Mリーグの途中で流れるCMを見れたことがありません。


「noteでくだらないこと書いてるヒマがあったらMリーグ見れるだろ」
と思われるかもしれませんが、
それは無理です。

このnoteは仕事中に書いています。
真面目な顔して仕事している感じでnoteを書いています。

さすがにMリーグは見れません。
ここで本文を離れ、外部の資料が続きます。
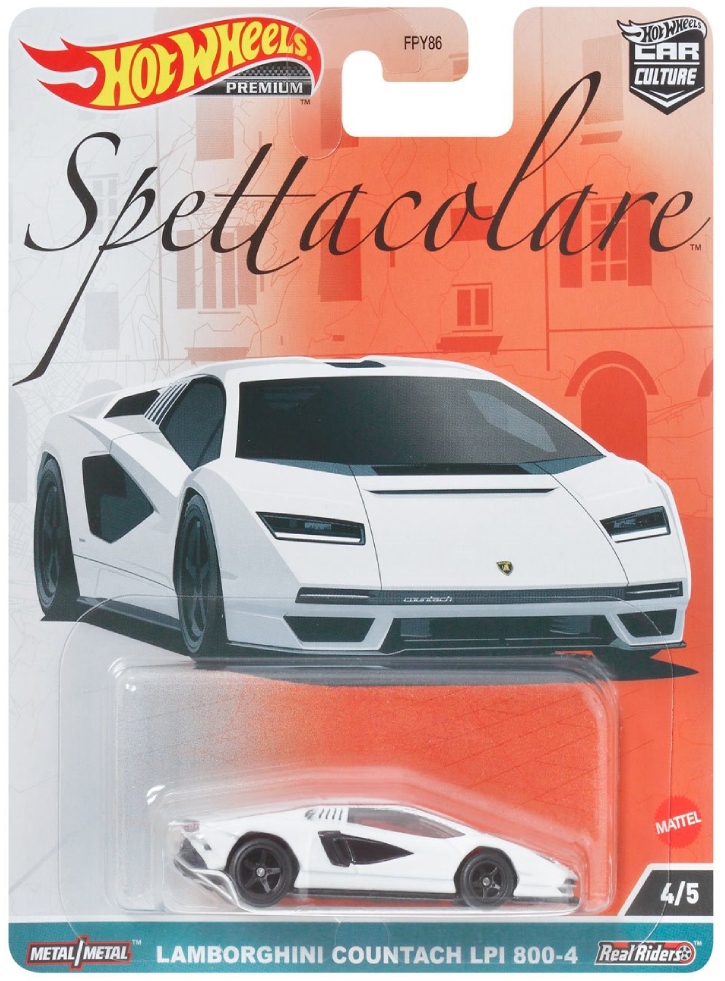 Vehicul Hot Wheels Premium Car Culture Spettacolare Lamborghini Countach LPI 800-4 (HKC40)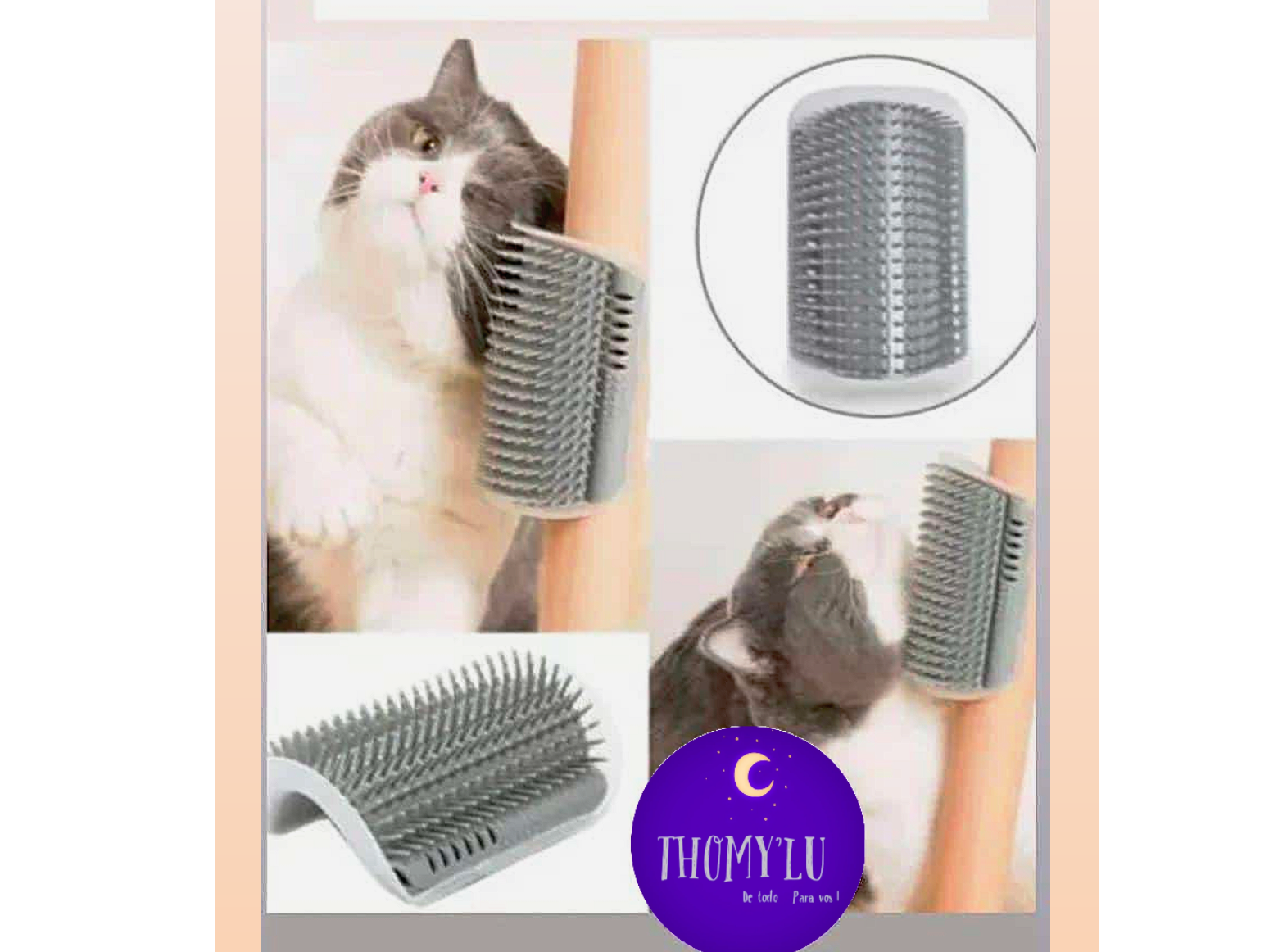 CEPILLO RASCADOR PARA GATOS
実況聞きたいし。
さすがに音声ありでは無理ですね。

ちなみに自分の仕事はすべて終えています。

「じゃあさっさと帰れば?」
と思われる方。

きっと恵まれた環境にいらっしゃるのでしょう。
自分の仕事が終わったらさっさと帰れるなら、
それじゃただの普通の企業です。
こちとら超絶ブラック企業にいるのです。
超絶です。


「仕事してるふりして残業代もらってたら違法だろ」
と思われる方。

残業代はもちろん支払われています。
ただし、「みなし残業」という悪魔の制度により、
各月最初の一週間をすぎるとあとは実質残業代無しの状態です。

というわけで、
いまぼくは実質無給です。

なので仕事をしてなくてもいいのです。
というか勤務実態が記録されているかどうかすらあやしいです。
されてない日が過半数な気がしますが、
気のせいだと思ってます。


というわけなので、Mリーグの情報に関してはぼくの中でナウでヤングな情報をもとにお送りいたします。


さて、当方最新情報によりますと、
セガサミーフェニックスは今日も8位を爆走中です。

特段どこのチーム推しとかいうのは無いのですが、
なんとなくフェニックスにはがんばってほしい感じがあります。
今年もレギュラー敗退っていうのは悲しい。
代わりにどこが落ちてほしいとかいう話になるとまた困りますけど。

そんな中、1月8日第1試合。
セガサミーフェニックスからは醍醐プロが出場。
ほかには風林火山の勝又プロ、
麻雀格闘倶楽部の佐々木寿人プロ、
ABEMASの日向プロ。


醍醐プロは東二局からいきなりチームの不調を象徴するような不ヅキぶりを発揮します。

勝又プロの先制3-6ソウ待ちに対して、
浮いてしまっていた3ソウをもう一枚持ってきて重ねて雀頭にするという、
見方によってはミラクルだが、
別の見方をすると「また掴まされてる」ような牌姿となり、
まあともかく2-5萬待ちで追いかけリーチ。

当たり牌の3ソウを重ねて(掴まされて)リーチ!

ただやはりというべきか、
無常にもリーチ後にまたまた3ソウを持ってくるという掴まされぶりを発揮し、
勝又プロに放銃。

リーチ後、速攻でまた3ソウを掴んで放銃。
実況の松嶋プロ「なんでですか!もう!」

この日だけではなく、ここまでひたすら続く掴まされぶりに、
さすがの醍醐プロもこの表情。
「なんなん?」なんてまるで生ぬるい。

にじみ出る「やれやれだぜ…」感。
「なんなん?」を超える不ヅキに醍醐プロの目の奥が怪しく光る


この表情については、
「ここまで来るとさすがに苦笑するしかない」
的な見解が多かったようですが、
ぼくはこの瞬間に醍醐プロの目に光が宿ったのを見逃しませんでした。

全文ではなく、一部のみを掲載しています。